3. The “churning” of leadership & lack of fidelity in sustaining potentially successful initiatives by over-politicization of ed. decision-making. Accelerated changes in state education reforms has been disruptive to teachers and teaching in MI. Together with the lessened revenue, this has been disasterous.
Too many term-limited legislators, who have admitted to having little context or knowledge of schooling, are nonetheless involved in ever-changing school mandates.
The result is that no sustained initiatives survive long enough to see if they can work. Examples are:
a. After adopting the Common Core standards, this decision was reversed after two years by the legislature. Schools were left hanging with two years of preparatory PD having readied them for the initiative. In the face of no immediate replacement, most schools stayed the course on these standards which were first embraced by the GOP, then fell from grace and then the Democrats, then who knows? Common Core standards became overly politicized, and should merely have been high level standards actually largely taken from another state.
b. Smart Balance, Again, politics at work. This test was aligned to the CC standards and was a test that fell out of favor, and then an RFP put out for replacing it. The eventual test actually was very similar, but much time money and upset were experienced over this legislative reversal. Disheartening to strapped teachers, strapped for time and money, and these sorts of activities are very under-mining of morale.
c. The M-Step was short lived and just becoming valid in its 3rd year, when it too was suggested for removal. It is now back in favor, but again, much yo-yoing of decisions with big lead times for adequate preparation, and having potentially very high stakes.
d. Teacher Evaluations—a nonpartisan (or was it bi-partisan?) committee met with chairman, Dean Ball of U of M – A2, for two years, and made very sensible and educationally sound recommendations for the profession, when one legislator out of ---I believe St. Clair,--- was allowed to completely debunk and de-track this initiative in which many educators from around the state had invested time and energy.
Wake up Michigan! Admit that there are many problems, but the root of these is indeed not having the required threshold amounts to deliver the goods. Quit flapping and at least choose some things to which you can demand commitment without trying to make a “silk purse out of a sow’s ear”. Your frustration is you keep trying and are surprised when it just doesn’t work, so then legislators try something else. Until you stop using denial as our best coping mechanism to this sad problem, you will continue to be frustrated and mis-directed.

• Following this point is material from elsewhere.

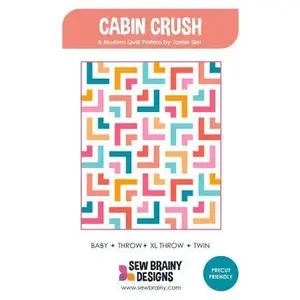 Cabin Crush Pattern by Jamie Siel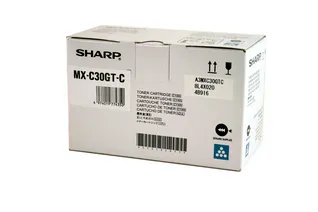 Original Sharp MXC30GTC Cyan Toner Cartridge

At least honor the profession by honoring the recommendations of bodies such as Dean Ball’s and leave the educational decisions to non-partisan educational leaders. They truly do have something to offer, well beyond what inexperienced legislators can provide. Allow them to do their work, and make their own decisions. Legal and medical bodies do this. Why not educators? Is it because we are a female-dominated profession, and aren’t perceived as capable? I truly wonder. Or is it that the numbers are large and so , like nursing, there just doesn’t seem the capacity?

Mary Fox
Wed, 03/21/2018 - 10:11am

You are right. Why is it that EVERY one of the papers here exclude teacher input? Exclude the very people doing the job. Damn stupid. The arrogance of businessmen who think our only purpose is to feed their businesses ready-made workers is incredible. The arrogance that says they know better than teachers doing the work do. WOW.